In 2015, Romick played in all 18 regular season games where he recorded his first two career defensive tackles and also had 17 special teams tackles. He also played in his first playoff game in the team's East Final victory over the Hamilton Tiger-Cats. He then played in his first Grey Cup game, but the Redblacks lost the 103rd Grey Cup to the Edmonton Eskimos. During the 2016 preseason, Romick suffered a ruptured bicep injury and missed the team's first 12 games of the season. He played in two games where he had two special teams tackles, but then suffered a broken thumb in the second game and was out for the rest of the season. While on the injured list, the Redblacks won the 104th Grey Cup game and Romick won the first Grey Cup championship of his career.

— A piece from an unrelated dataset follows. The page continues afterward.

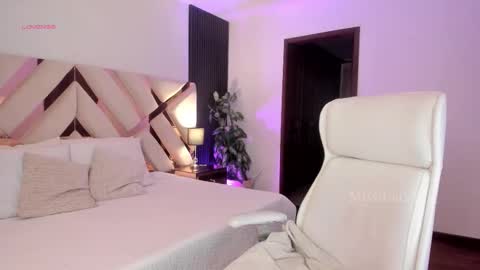 Snapshot of missthailand_ chatting on October 30, 9:59 pm Fernanda Davila online show from October 30, 9:59 pm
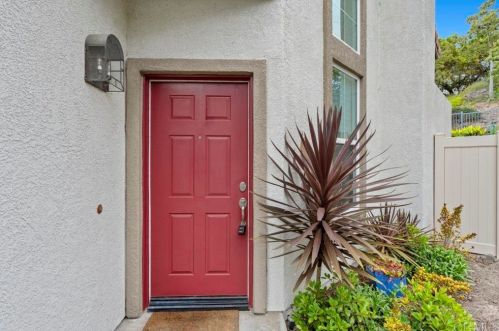 1616 Filaree Ct, Carlsbad, CA 92011-5020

He re-signed with the Redblacks on December 12, 2016, to a two-year contract extension.

Romick returned healthy in 2017 and played in all 18 regular season games where he had 19 special teams tackles. In 2018, he had a career-high 21 special teams tackles en route to becoming Ottawa's all time leader in special teams tackles. He also played in his second Grey Cup game that year, but the Redblacks lost the 106th Grey Cup to the Calgary Stampeders.

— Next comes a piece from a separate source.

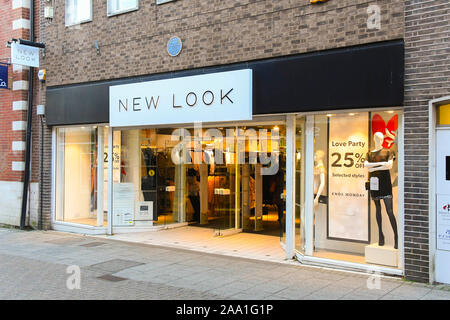 Nuovo look segno aziendale in Dorchester nel Dorset, Regno Unito. Credito Foto: Graham Hunt/Alamy Foto Stock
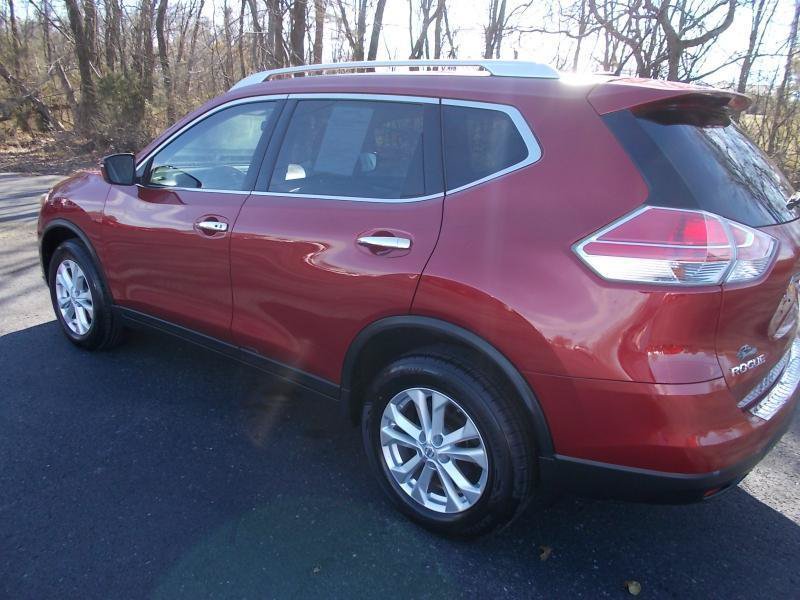 Used 2016 Nissan Rogue SV AWD/4WD image 5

Romick re-signed with the Redblacks to a one-year contract extension on January 15, 2019. The Redblacks struggled in 2019 in a three-win season, but Romick recorded a career-high eight defensive tackles to go along with 17 special teams tackles. He did not play in 2020 due to the cancellation of the 2020 CFL season.

Romick was featured more on defense in 2021 and recorded his first career sack on October 11, 2021, when he brought down Montreal Alouettes quarterback, Vernon Adams. He finished the year having played in 10 regular season games and had three defensive tackles, 12 special teams tackles, and one sack.

In 2022, Romick began the season on the injured list, sitting out the first five games, but returned to play in the next nine where he recorded one defensive tackle and seven special teams tackles. His ninth and last game of the 2022 season, against the Montreal Alouettes in the Thanksgiving Day Classic, was the 100th of his career. In the first game of the 2023 season, on June 10, 2023, also against the Alouettes, Romick recorded his 100th career special teams tackle in his 101st game played. He finished the year having played in 16 games where he had two defensive tackles and eight special teams tackles. He signed a one-year contract extension with the team on January 11, 2024.

Romick played in 12 regular season games in 2024, while sitting out six due to injury, where he recorded six special teams tackles. He also played in the team's East Semi-Final loss to the Toronto Argonauts. After becoming a free agent in the following offseason, Romick re-signed with the Redblacks to a one-year contract. He missed the entire 2025 season due to injury. He became a free agent upon the expiry of his contract on February 10, 2026.

==Personal life==
Romick and his girlfriend, Melissa Lamb, have one son, Luca, and one daughter, Lola. Romick volunteered as a firefighter in 2020 and plans on pursuing a career in firefighting after his football career is finished.